Bengaluru: Urban Ladder, the online furniture retailer, reported a wider loss in 2014-15, hurt by a spurt in advertising and marketing expenses and an enlarged wage bill. The lacklustre results of the firm backed by Ratan Tata and venture capital firm Sequoia Capital come at a time when many investors are clawing back on fresh funding, prompting sta-rt-ups to focus on profitability.

Losses at Urban Ladder Home Décor Solutions Pvt. Ltd grew eight times to 58.51 crore in the year ended 31 March from 7.62 crore in the year-ago period, according to data available with the Registrar of Companies. Revenue rose 60% to 19.21 crore from 11.88 crore.

Advertising and marketing spending accounted for more than half of its expenses of 77.72 crore. The online retailer spent 40.24 crore on marketing, a whopping 11-time increase from 3.57 crore a year ago. Employee costs surged to 16.58 crore from 4.69 crore.

Heavy marketing expenditure are a necessary evil for e-commerce firms because they need to stay on top of their shoppers’ minds, industry experts said.

“Their biggest cost has been around customer acquisition. The major challenges will be getting more customers to buy furniture online," said Anand Ramanathan, director at KPMG Advisory Services, a consultancy firm. “Though there is a certain amount of audience by now, the biggest spend will go towards customer acquisition and retention."

Urban Ladder declined to comment.

Founded in 2012, Urban Ladder is one of the early movers in the online furniture segment along with Rocket Internet-backed Fabfurnish, and Pepperfry, which is run by Trendsutra Platform Services Pvt. Ltd.

Urban Ladder had raised $27 million in three rounds until March from a clutch of investors such as Indo-US Venture Partners, Kalaari Capital, SAIF Partners and Steadview Capital. It also roped in Tata Group chairman emeritus Ratan Tata as an investor in November 2014.

In April, Urban Ladder mopped up $50 million in a round led by Sequoia Capital and TR Capital.
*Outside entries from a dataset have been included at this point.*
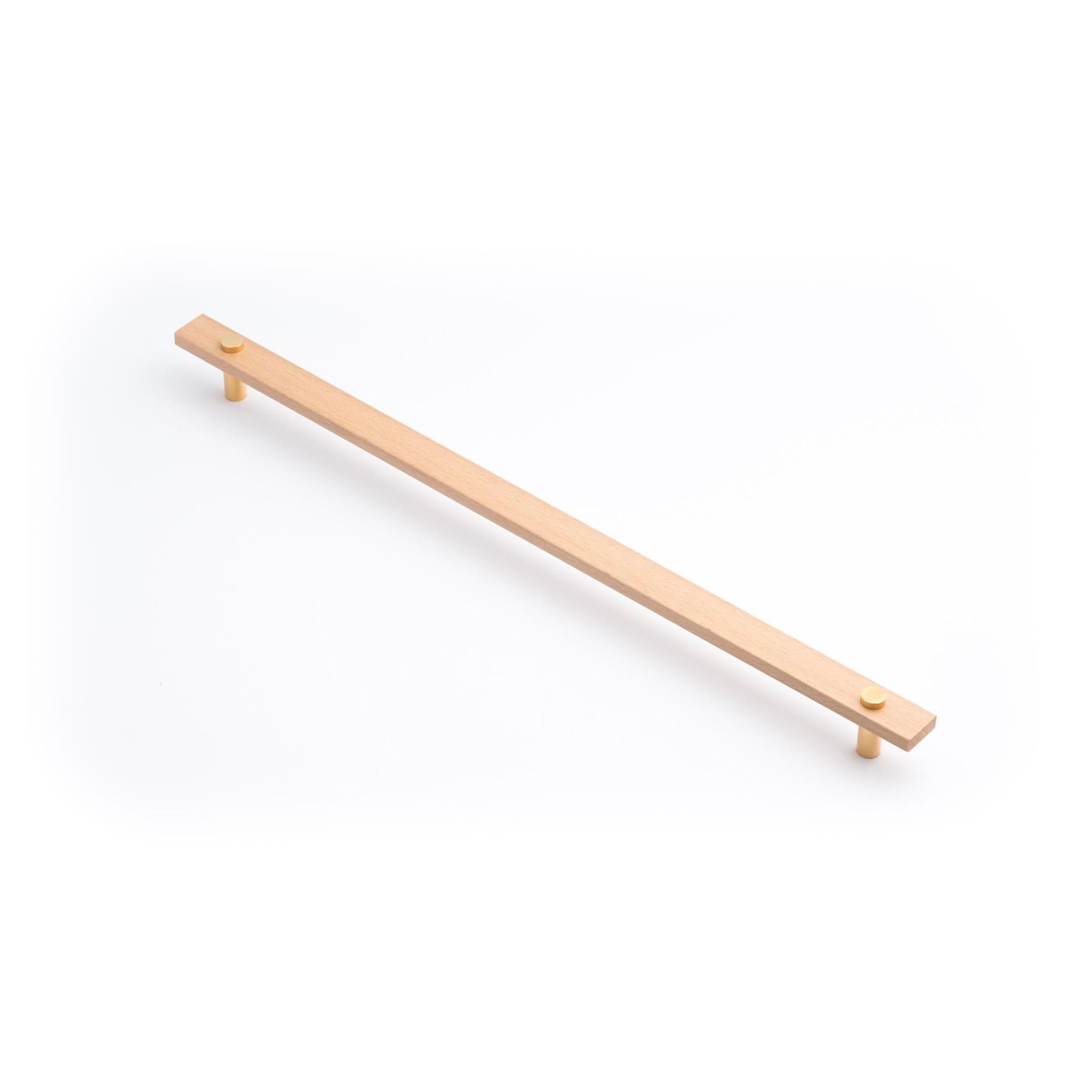 Lenah Cabinet Handle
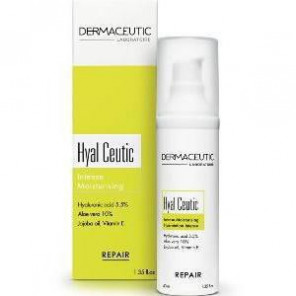Dermaceutic Hyal Ceutic Fluide 40Ml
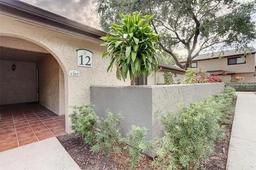 Picture of 6262 142Nd Avenue N Unit 1203, Clearwater, FL 33760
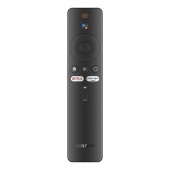  Xiaomi Mi TV Stick 4K MDZ-27-AA PFJ4122EU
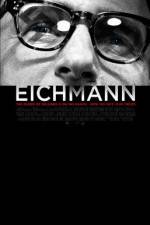 Watch Eichmann Online Putlocker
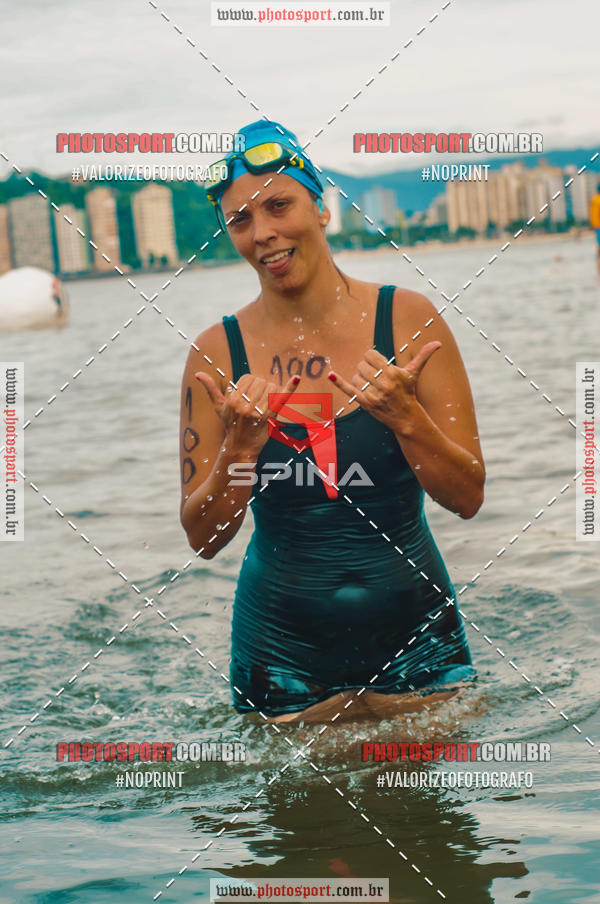 Achetez vos photos de l'vnement11 Circuito Netuno de Travessias - 5 etapa sur Fotop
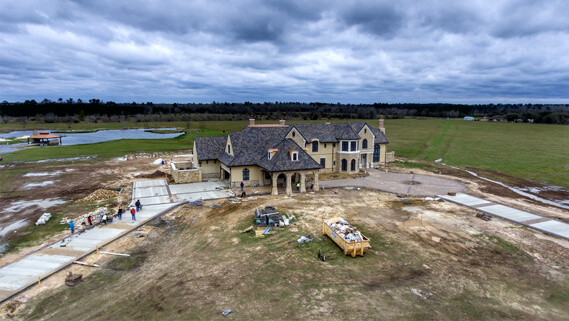 Civil Engineering and Design Services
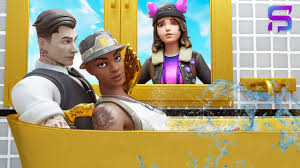 🡆 make sure to subscribe! Fortnite Top 5 Most Iconic Characters In The Game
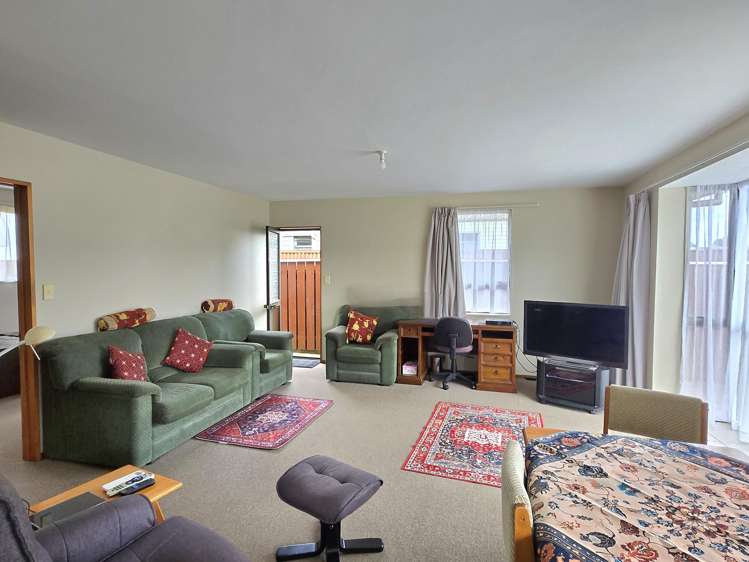 9A Mill Street Westport_3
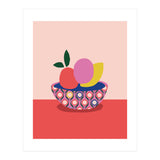 Fruits In Basket Rgb  (Print Only) thumbnail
While the investment gave it an edge over Pepperfry, the tables soon turned when the latter secured $100 million in July in a round led by Goldman Sachs and Zodius Technology Fund, with participation from existing investors such as Bertelsmann India Investments and Norwest Venture Partners.

Pepperfry has been spending heavily since then on discounts to gain a significant lead over Urban Ladder, which has been traditionally conservative on discounts. These companies are also striving to stave off competition from younger rivals such as Homelane (Homevista Décor and Furnishing Pvt. Ltd) and Livspace (Home Interior Design E-commerce Pvt. Ltd), which are enticing shoppers with customized end-to-end home services.

India is home to about 170 start-ups in the segment, who have together raised more than $280 million from investors, according to Tracxn, a start-up tracker. Urban Ladder and Pepperfry, with $77 million and $128 million, respectively, in their kitty, are the most heavily-funded companies.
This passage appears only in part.